Florida REALTORS Optimistic about 2018

By:Kelly McCabe - January 30, 2018

Florida’s housing market showed no signs of a seasonal slump at the close of 2017, and that isn’t likely to change as 2018 ticks on, according to a new forecast from Florida Realtors. Unveiled at its mid-winter business meeting, the 2018 Florida Real Estate Trends forecast expects growth in the state’s employment and population, which will drive home sales.

As a global city that attracts investors and buyers from around the world, Florida’s economy is driven locally by the state’s business climate, which includes real estate; the national economy and financial markets; and the global economy.

“In fact, Florida is growing faster in terms of employment growth than the rest of the U.S., which is good for Florida real estate,” Dr. Tony Villamil, founder and principal advisor of the Washington Economics Group, said at the event.
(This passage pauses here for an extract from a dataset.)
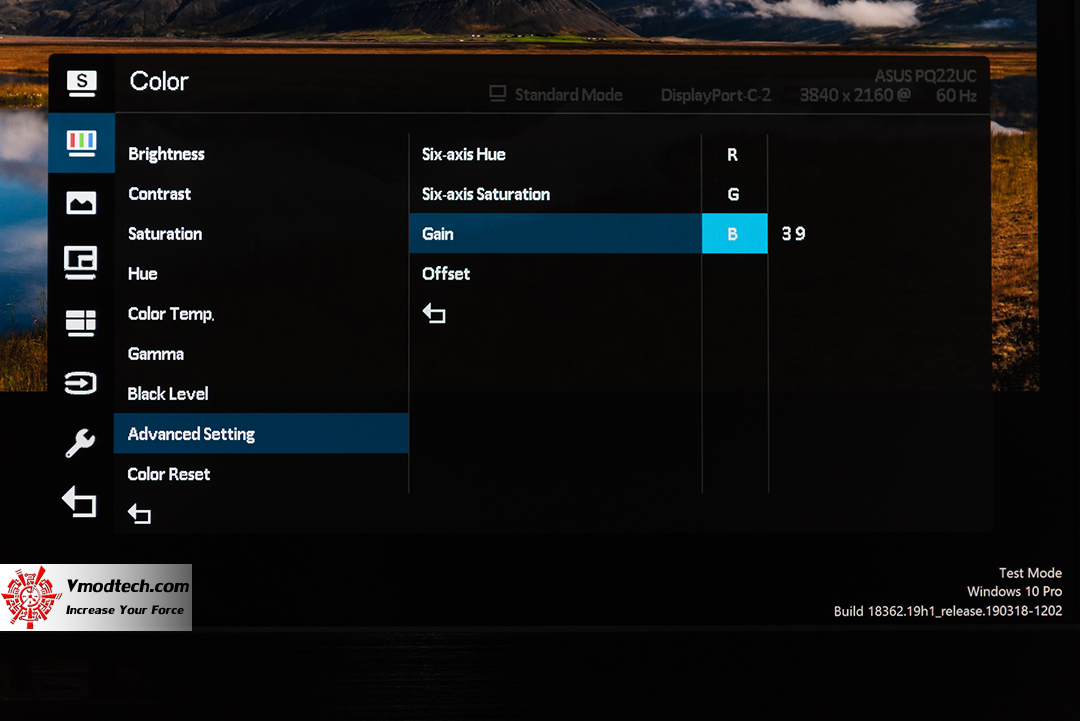 tpp 8029 ASUS ProArt PQ22U 4K HDR OLED Professional Portable Monitor 21.6 inch Review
And while some may worry that destruction from Hurricane Irma will have a long-term impact on the state’s market, Florida Realtors research shows the market should stay strong. The organization reviewed real estate sales data from 2004 and 2005, when the state was reeling from the effects of several hurricanes: Charley, Frances, Jeanne, Ivan, Dennis and Wilma. The findings showed that while it’s natural for markets to suffer immediate setbacks, they rebound fairly quickly.

“Sales in areas where most homes did not experience severe structural damage rebounded within a month or two of landfall,” said Florida Realtors chief economist Brad O’Connor. “These temporary slowdowns were due to business activity halting ahead of the storm and power outages, regulations and additional required inspections afterwards. Sale prices don’t seem to care much about hurricanes. Plenty of buyers are happy to line up to buy the real estate as long as it’s not completely annihilated.”

Florida Realtors notes that this year, much like the rest of the country, the market’s major obstacle will be lack of inventory.

“It’s really inventory constraints that’s bringing sales down,” O’Connor said. “Not only aren’t enough homes being built, but people who own their homes aren’t moving. They used to stay in a home on average about seven years, and that median has moved up to 11 years now.”